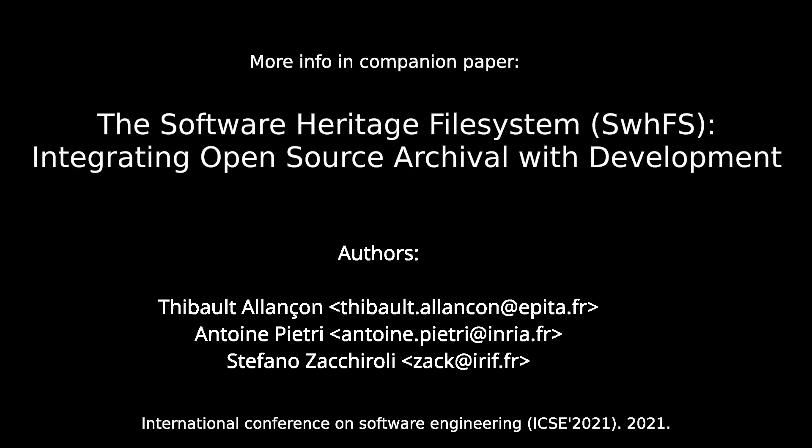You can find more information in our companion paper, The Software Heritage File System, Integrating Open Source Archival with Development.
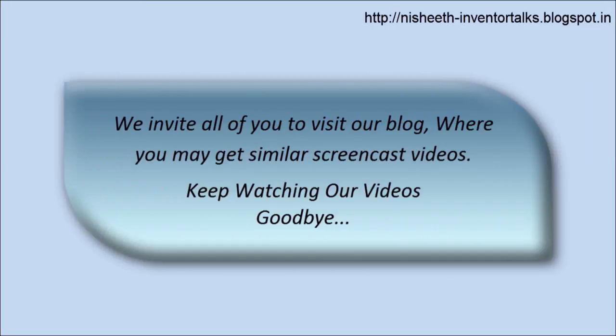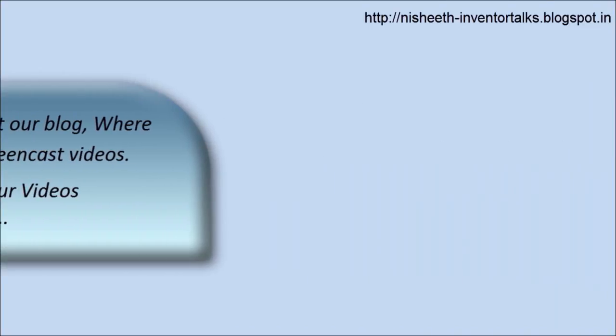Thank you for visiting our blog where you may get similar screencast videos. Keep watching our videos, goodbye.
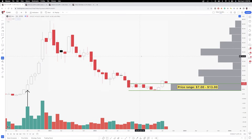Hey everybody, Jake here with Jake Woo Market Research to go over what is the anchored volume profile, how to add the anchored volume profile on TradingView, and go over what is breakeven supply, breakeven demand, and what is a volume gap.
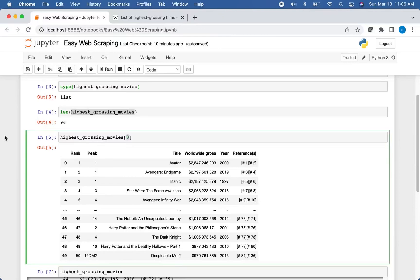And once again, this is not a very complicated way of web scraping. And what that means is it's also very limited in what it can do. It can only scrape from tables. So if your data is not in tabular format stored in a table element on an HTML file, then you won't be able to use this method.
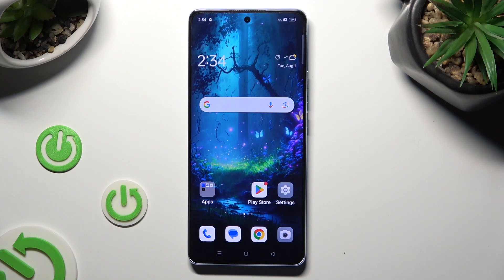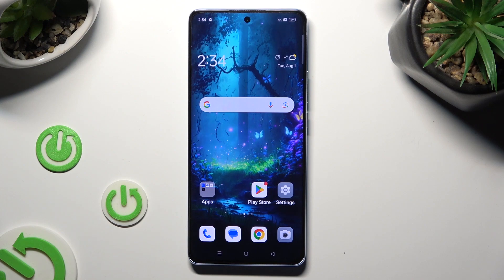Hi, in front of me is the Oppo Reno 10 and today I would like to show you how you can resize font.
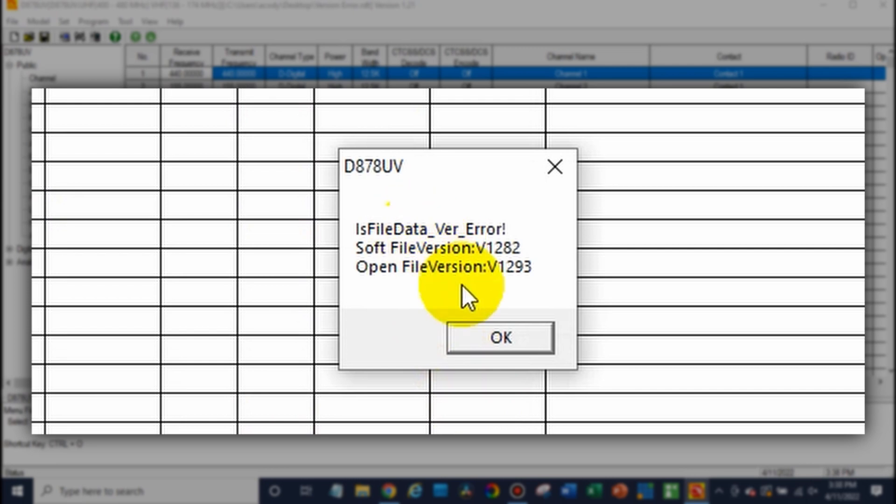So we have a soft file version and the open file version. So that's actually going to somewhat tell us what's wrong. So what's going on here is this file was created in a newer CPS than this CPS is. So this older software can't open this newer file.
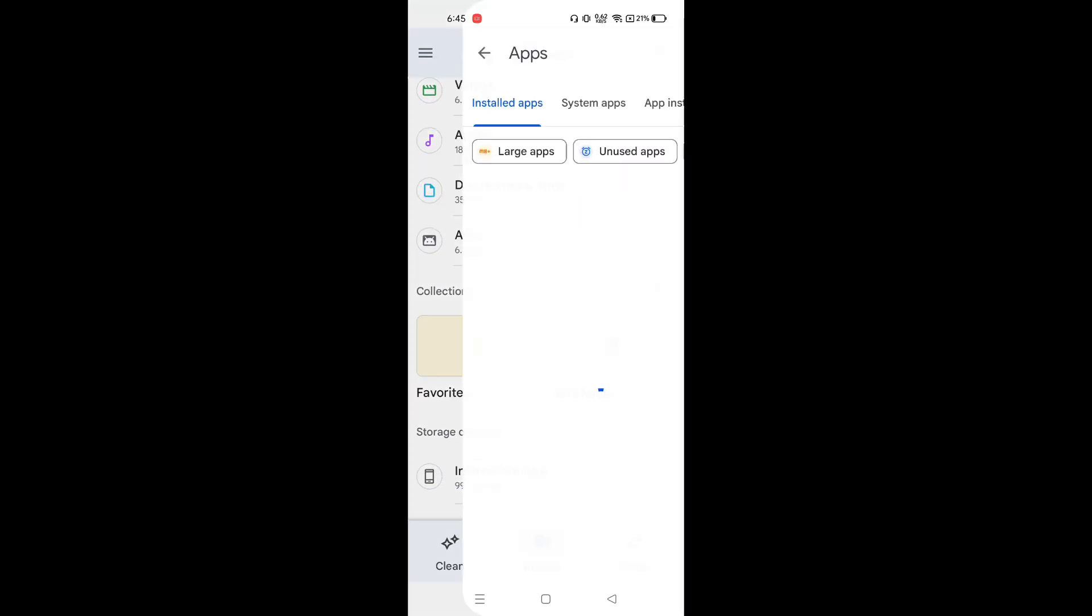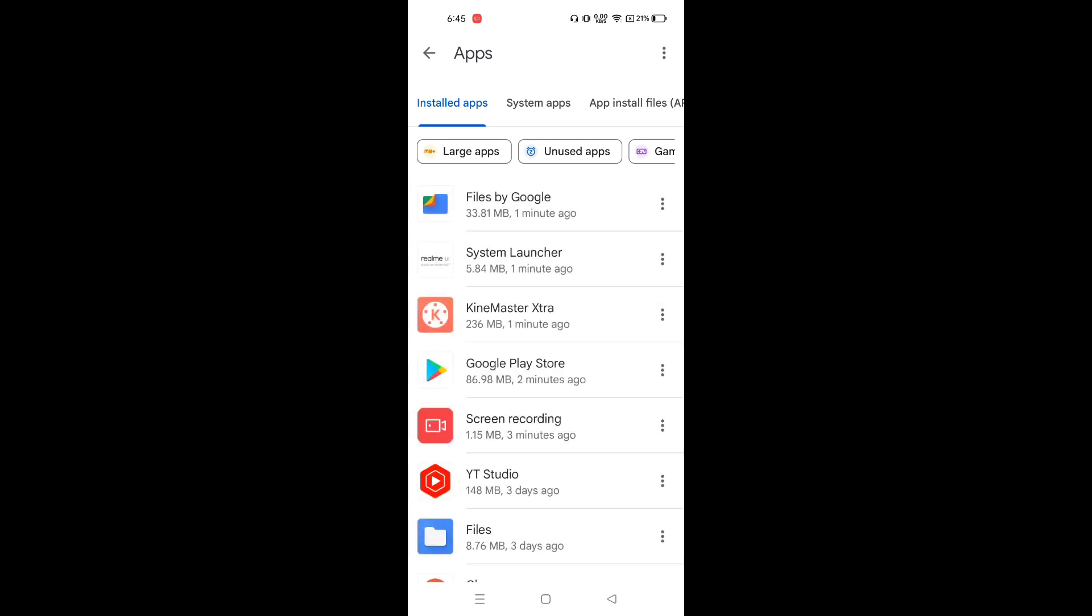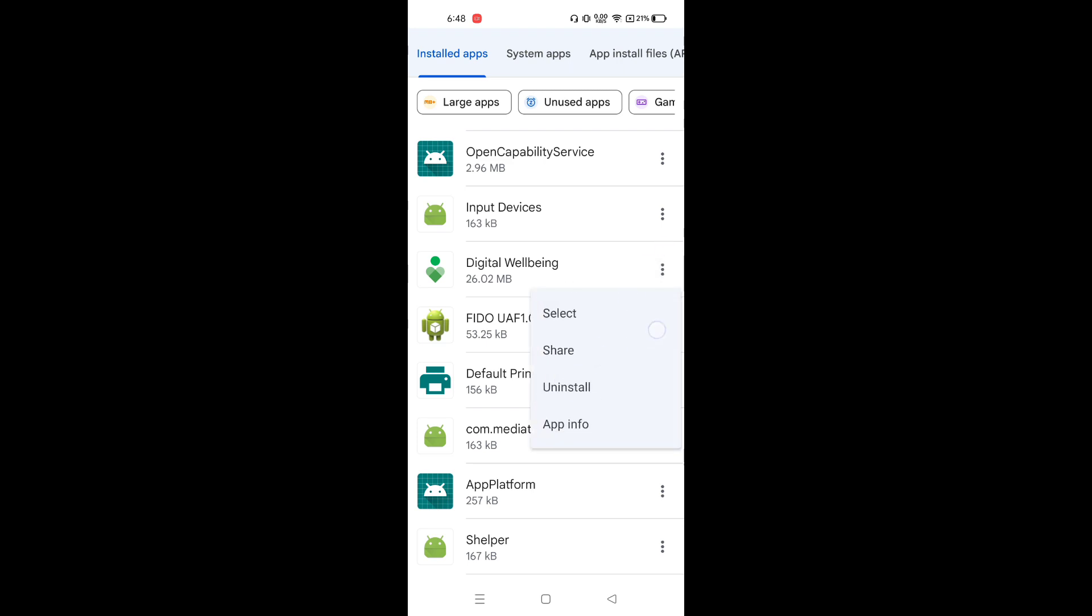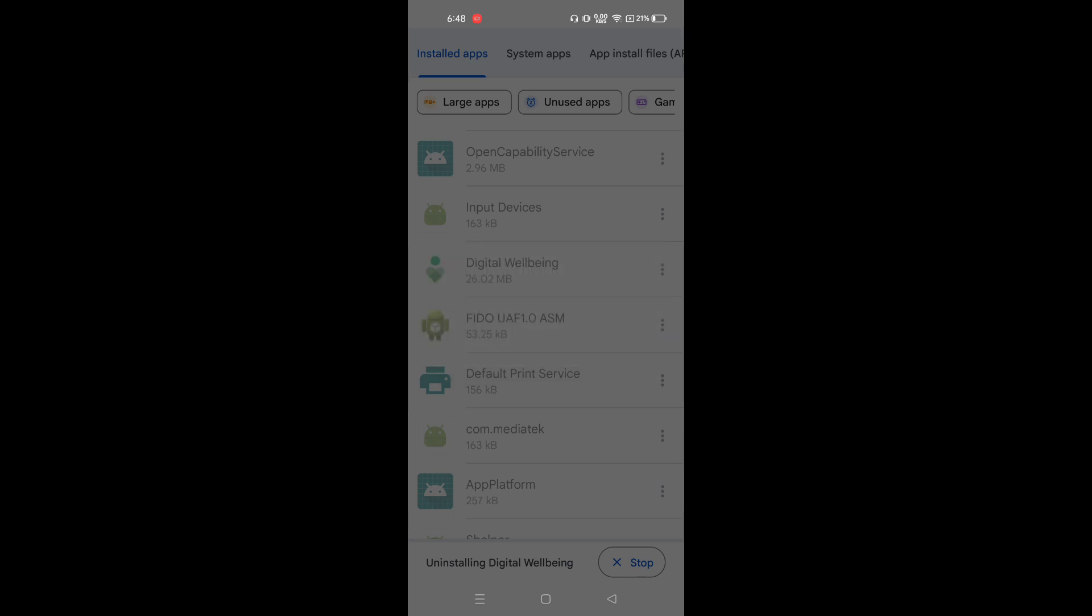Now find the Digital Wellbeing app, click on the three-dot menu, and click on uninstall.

——————

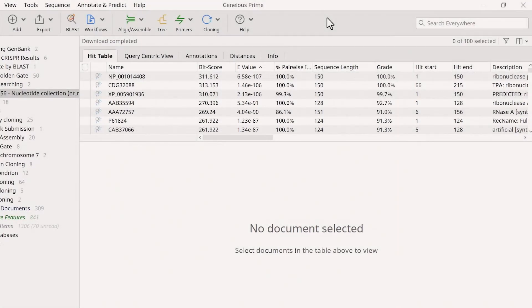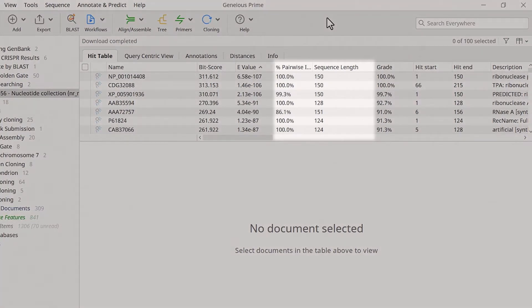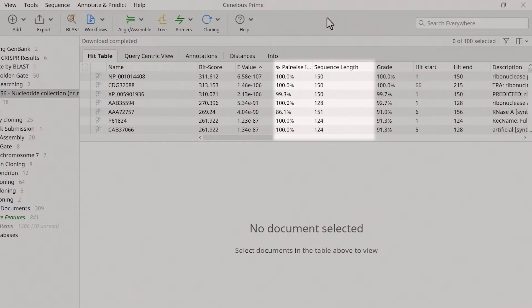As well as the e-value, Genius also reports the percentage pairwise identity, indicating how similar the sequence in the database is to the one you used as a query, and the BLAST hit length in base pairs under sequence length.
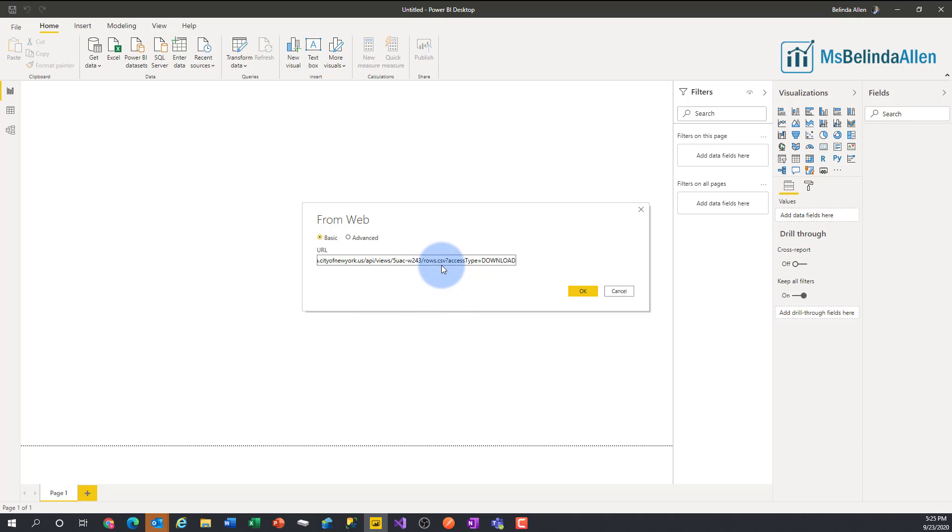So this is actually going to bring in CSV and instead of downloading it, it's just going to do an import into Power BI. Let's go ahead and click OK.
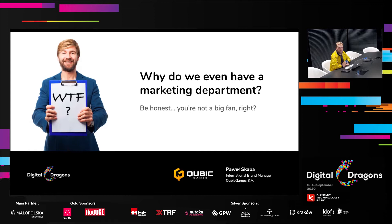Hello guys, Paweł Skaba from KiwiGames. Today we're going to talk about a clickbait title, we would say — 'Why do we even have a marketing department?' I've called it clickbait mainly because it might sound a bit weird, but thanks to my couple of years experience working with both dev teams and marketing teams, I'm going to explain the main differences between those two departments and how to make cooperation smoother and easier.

——————

* Task requirements
A clean copy is needed of the lines in the listing above from the one with "Thank you for" through the one with "Hey everybody, Jake", exact in every word and free of pictures.

* Answer box
Thank you for visiting our blog where you may get similar screencast videos. Keep watching our videos, goodbye.
Hey everybody, Jake here with Jake Woo Market Research to go over what is the anchored volume profile, how to add the anchored volume profile on TradingView, and go over what is breakeven supply, breakeven demand, and what is a volume gap.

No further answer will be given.